Did I mention that the Cold War is over; that we no longer have anywhere a superpower opponent with a military budget that even approaches peer status with the US? For those who point to China and Russia as justification for higher Pentagon spending, consider their defense budgets estimated at an inconsequential $81 and a puny $21 billion, respectively, by the CIA.
Admiral Mullen didn’t make that absence of a serious competitor a part of his argument to increase Department of Defense spending, either.
There are a few other things he forgot to mention.
He’s choosing the wrong numerator. He talks about increasing just the Pentagon’s “baseline” budget. That’s the part that pays for peacetime expenses, approximately $470 billion in 2008. His calculation excludes funds to fight the wars in Iraq and Afghanistan. For 2008, the President’s request for that is for $192 billion. Mullen’s “oversight” is not inconsequential. When he compares today’s spending to the past in terms of GDP, the previous years’ data includes the spending for past conflicts, such as Korea, Vietnam, and the 1991 Gulf War. If the admiral were to perform an apples to apples calculation (i.e. one that included war spending to compare to the past), he would find that we’re now spending just under 5 percent of GDP on defense. (And, that’s not including nuclear weapons costs in the Department of Energy, Homeland Security spending, and a lot else that is defense related in the generic sense.)
Congratulations, Admiral; we’ve hit and surpassed your target – were you to perform an evenhanded calculation.

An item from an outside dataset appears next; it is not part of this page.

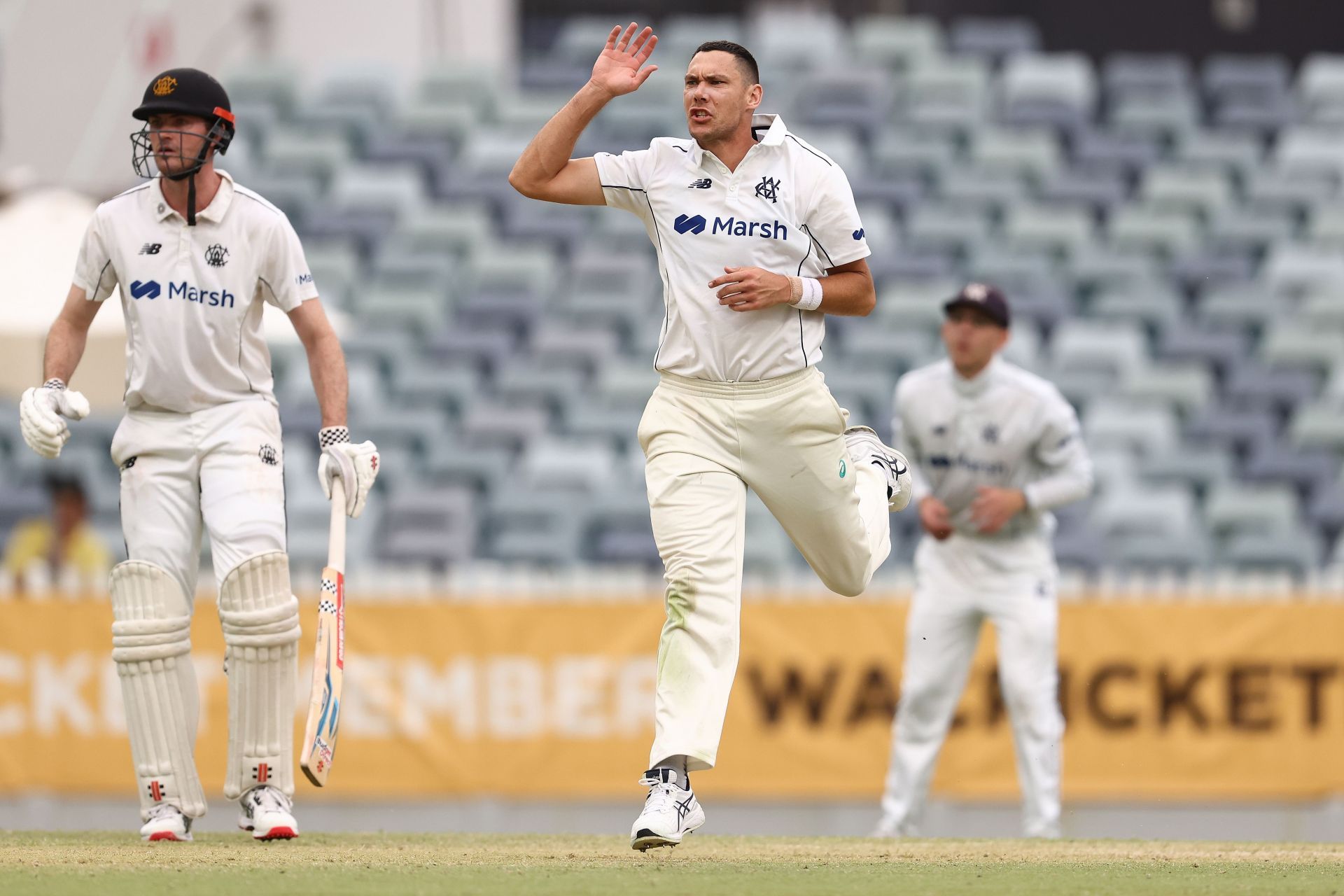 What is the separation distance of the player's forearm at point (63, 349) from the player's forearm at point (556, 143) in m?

Finally, it is important to pay attention to what Admiral Mullen says he wants to spend his extra money on. He says he wants it to “recapitalize” our weapons inventory. He wants to modernize equipment totally unrelated to the wars, such as buying F-22s, which have yet to appear in the skies over Iraq and Afghanistan for a single sortie (and couldn’t do much that is useful if they did). He also says he wants to replace much of the equipment worn out in the wars, sometimes to simply repair or replace the equipment with essentially the same item; sometimes to buy the next generation of hardware, instead, to propel modernization. In other words, Admiral Mullen doesn’t want an extra $94 billion – each year – to augment the Pentagon’s baseline budget; he wants it to augment the Pentagon’s hardware purchasing budget.

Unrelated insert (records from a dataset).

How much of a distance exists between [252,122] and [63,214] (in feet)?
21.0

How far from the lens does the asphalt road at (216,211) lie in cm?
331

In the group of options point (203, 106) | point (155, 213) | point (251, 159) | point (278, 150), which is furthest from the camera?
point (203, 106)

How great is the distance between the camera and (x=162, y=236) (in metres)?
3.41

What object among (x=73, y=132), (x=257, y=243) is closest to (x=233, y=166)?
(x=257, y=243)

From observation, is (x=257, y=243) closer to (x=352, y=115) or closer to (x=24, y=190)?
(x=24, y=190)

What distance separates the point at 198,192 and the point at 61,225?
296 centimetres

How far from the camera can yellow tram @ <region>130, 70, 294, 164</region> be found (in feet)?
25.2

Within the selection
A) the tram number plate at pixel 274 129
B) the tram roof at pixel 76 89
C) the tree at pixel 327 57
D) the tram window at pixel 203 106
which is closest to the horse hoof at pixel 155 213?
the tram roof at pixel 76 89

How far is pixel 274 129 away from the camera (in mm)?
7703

We’ve seen it many times before: the Pentagon can’t find enough money to buy the hardware it wants. Even though its procurement budget is climbing, costs per unit have grown so much faster that far more money is needed to replace the existing inventory on a one for one basis. Typically, the generals and admirals get the additional money they ask for, but meanwhile the unit cost of hardware will have kept right on growing. The result: a larger hardware budget results in a smaller inventory – which by the way is also older, on average, and less well supplied with spare parts, maintenance, and trained crews. Spent as it has been in the past, Admiral Mullen’s $94 billion will result in making these trends worse.
The only thing that is different in Admiral Mullen’s plea for more money is the tortured rationale. He wants us to think that his hardware budget should mirror the economy. Put another way, every time a new McDonald’s opens up somewhere in the US, Admiral Mullen wants the taxpayers to give him a few billion dollars more.

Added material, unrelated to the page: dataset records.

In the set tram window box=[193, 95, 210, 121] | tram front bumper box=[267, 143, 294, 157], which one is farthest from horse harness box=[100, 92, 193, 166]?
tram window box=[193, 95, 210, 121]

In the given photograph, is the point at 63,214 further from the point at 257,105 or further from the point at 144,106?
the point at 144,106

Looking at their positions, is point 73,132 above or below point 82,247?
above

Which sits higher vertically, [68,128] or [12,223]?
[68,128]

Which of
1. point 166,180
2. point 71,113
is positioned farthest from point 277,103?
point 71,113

Elephants are the largest land-animals on earth, but they are small compared to an extinct dinosaur, such as a Brontosaurus. Admiral Mullen thinks this proves elephants are too small.
WINSLOW T. WHEELER is the Director of the Straus Military Reform Project of the Center for Defense Information and author of The Wastrels of Defense. Over 31 years, he worked for US Senators from both political parties and the Government Accountability Office on national security issues.